BEGIN INFORMATION GIVEN
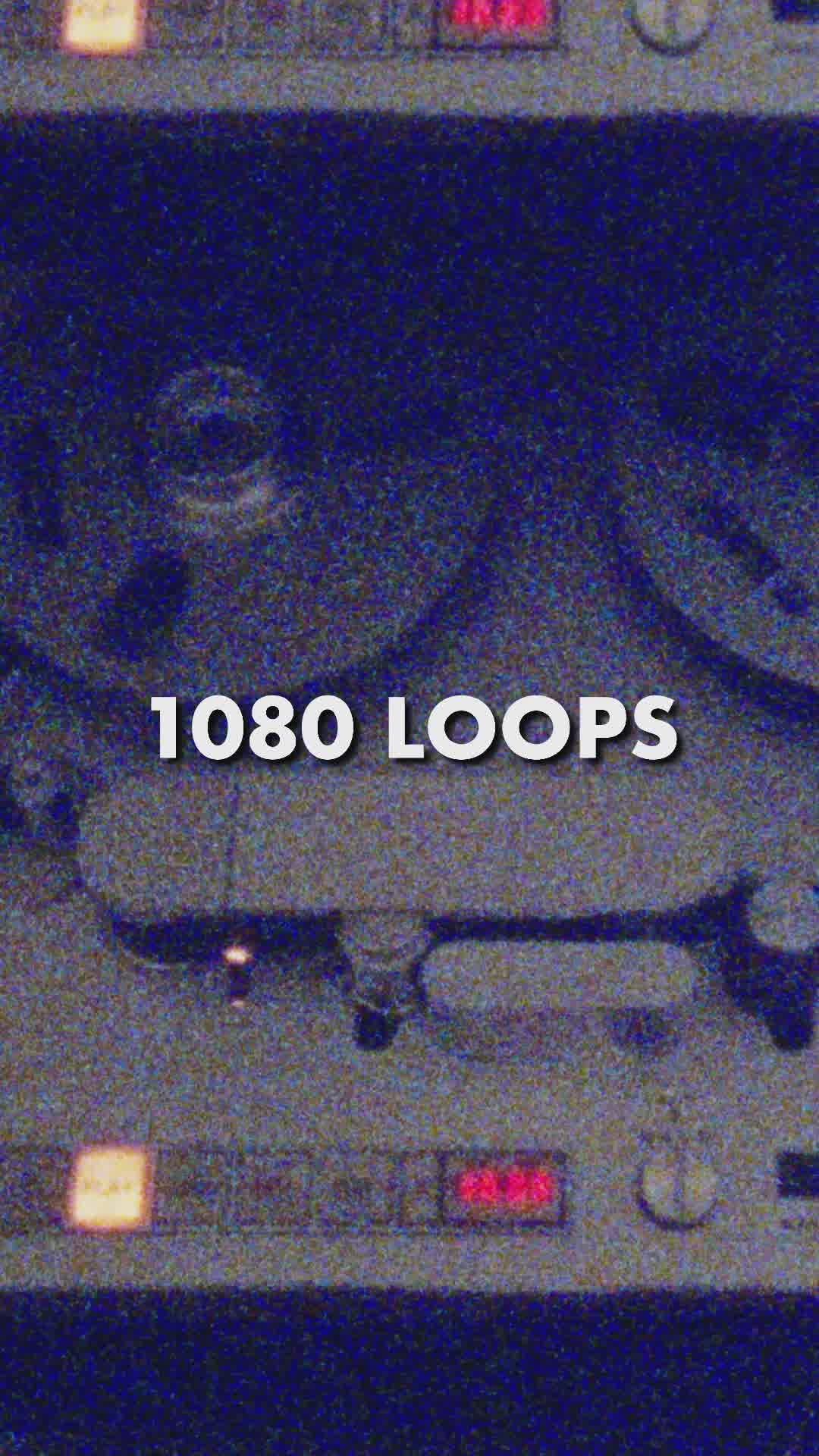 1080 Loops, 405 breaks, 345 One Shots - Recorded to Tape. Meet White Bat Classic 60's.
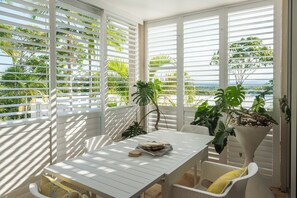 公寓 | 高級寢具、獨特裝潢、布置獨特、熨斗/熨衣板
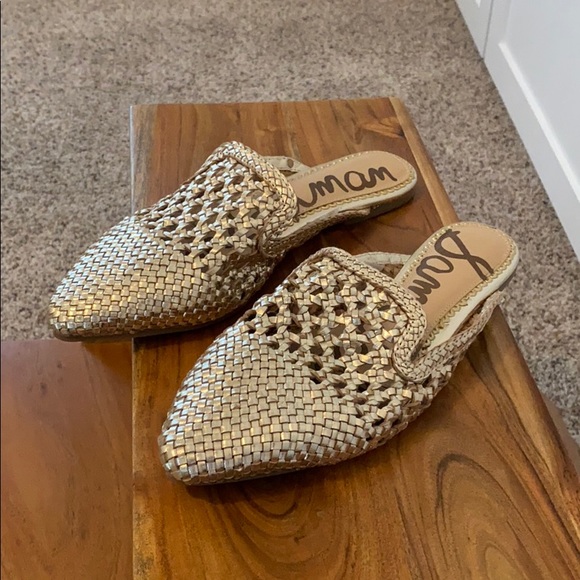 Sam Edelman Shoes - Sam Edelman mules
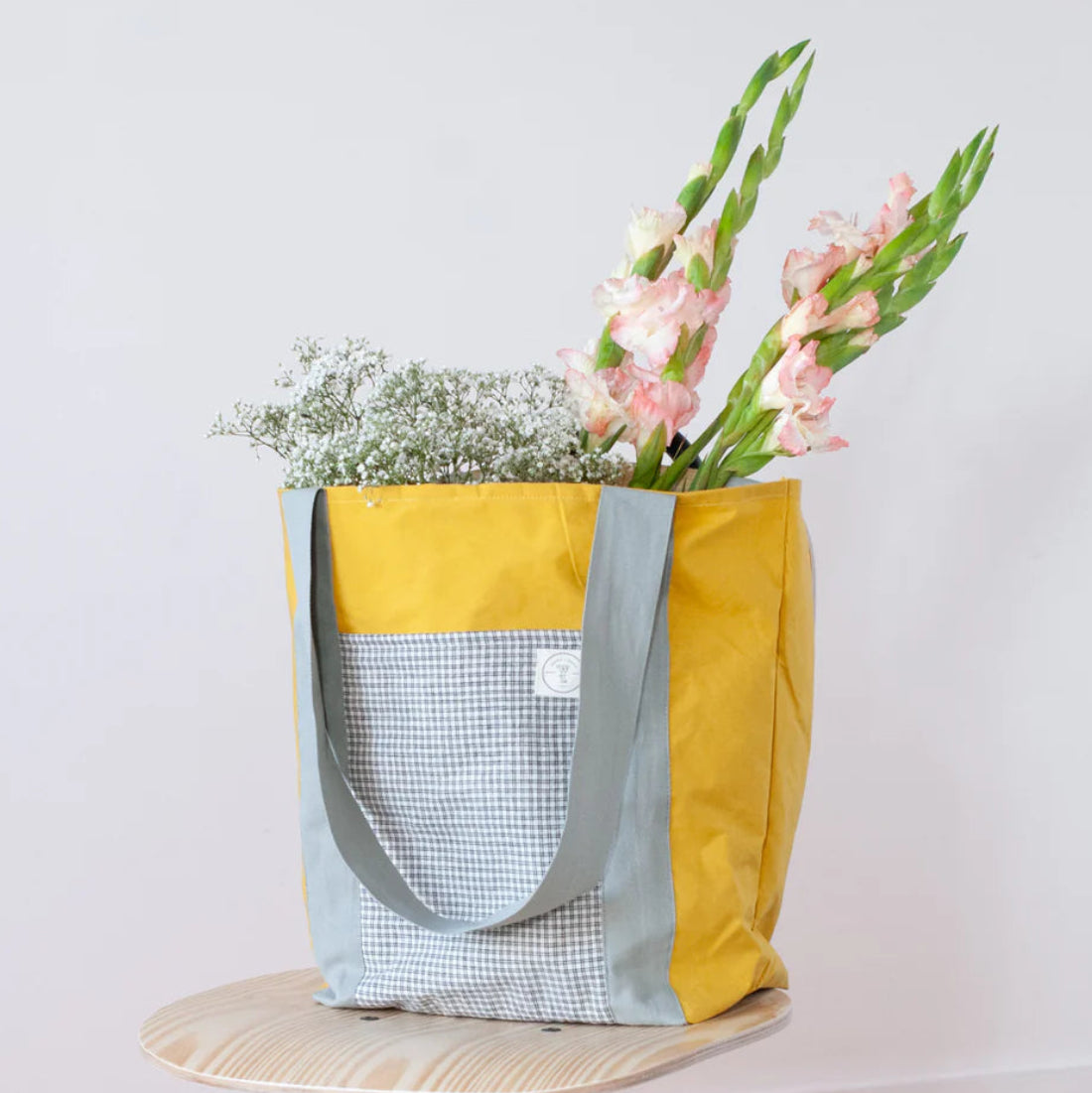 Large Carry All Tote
END INFORMATION GIVEN
BEGIN INFORMATION GIVEN
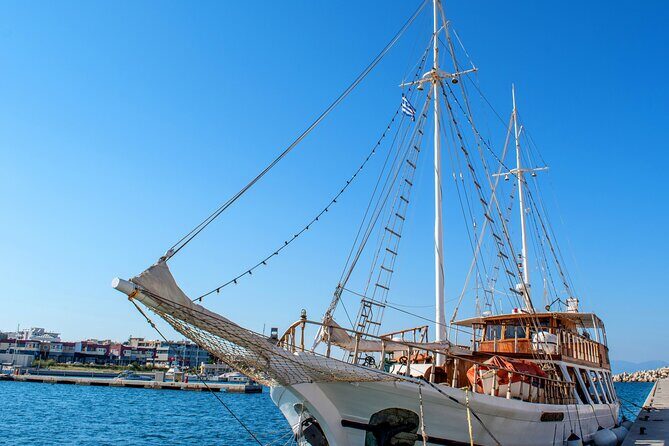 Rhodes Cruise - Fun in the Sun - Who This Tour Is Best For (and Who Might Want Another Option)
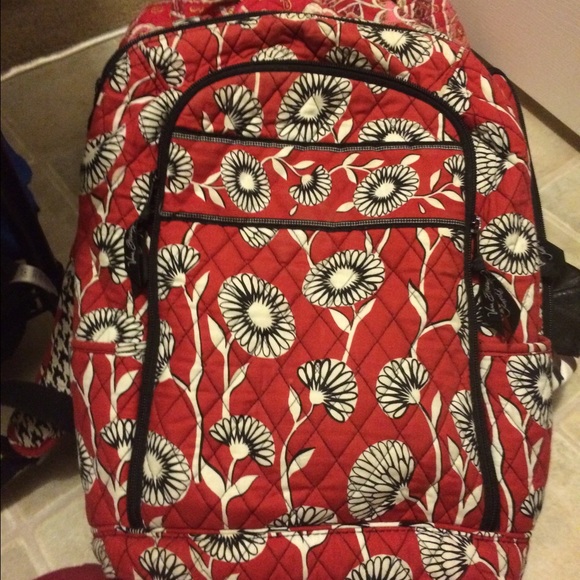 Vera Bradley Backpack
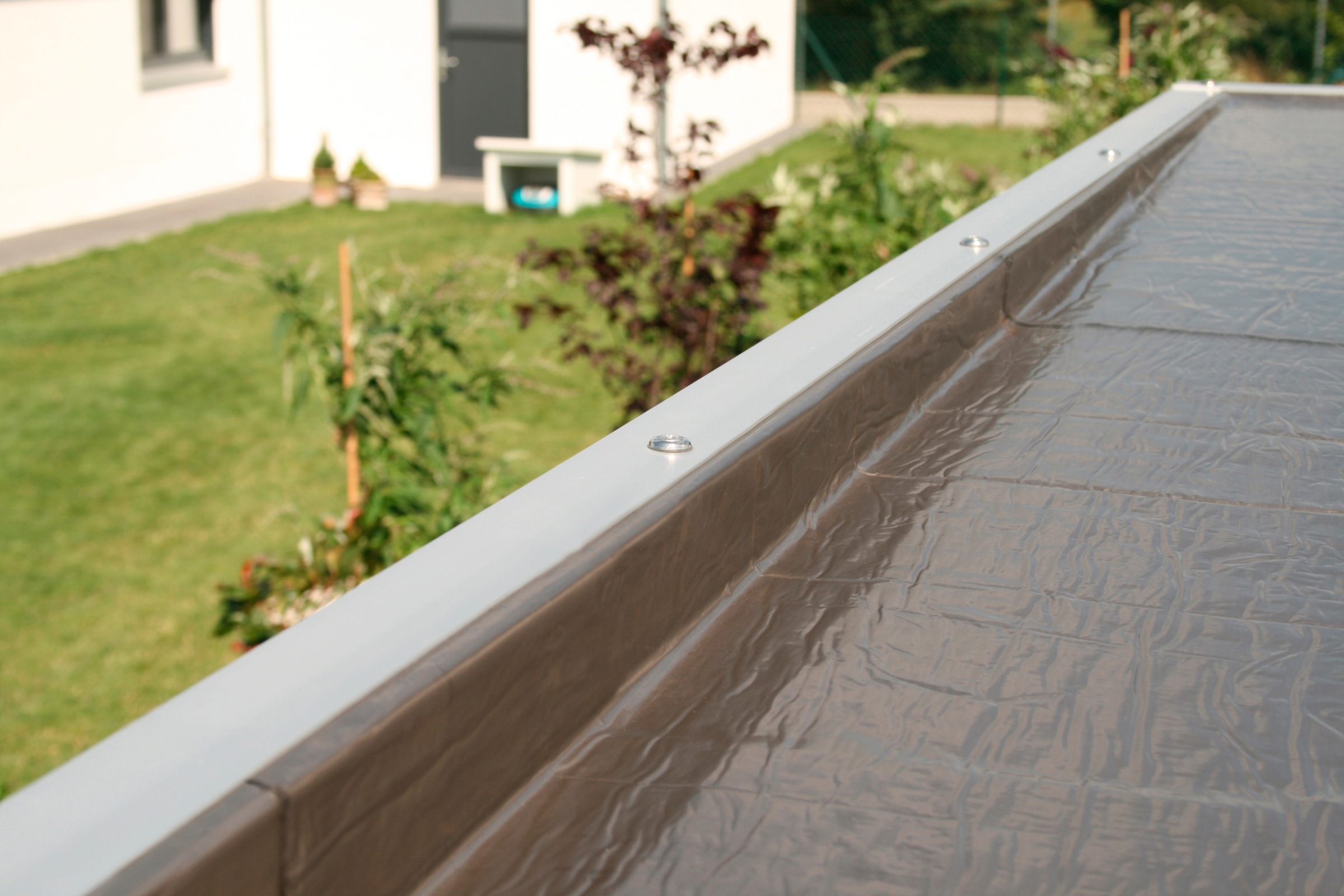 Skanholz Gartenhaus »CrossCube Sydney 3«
END INFORMATION GIVEN
BEGIN INFORMATION GIVEN
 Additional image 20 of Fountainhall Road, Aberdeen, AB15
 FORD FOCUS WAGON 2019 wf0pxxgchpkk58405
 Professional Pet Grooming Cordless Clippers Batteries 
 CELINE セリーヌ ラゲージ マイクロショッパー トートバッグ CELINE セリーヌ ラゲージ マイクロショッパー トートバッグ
END INFORMATION GIVEN
> _EXERCISE_
Copy word for word the lines of the records above from the one with "1080 Loops, 405" up to and including the one with "Large Carry All Tote". Skip the pictures.

> _TASK OUTPUT_
 1080 Loops, 405 breaks, 345 One Shots - Recorded to Tape. Meet White Bat Classic 60's.
 公寓 | 高級寢具、獨特裝潢、布置獨特、熨斗/熨衣板
 Sam Edelman Shoes - Sam Edelman mules
 Large Carry All Tote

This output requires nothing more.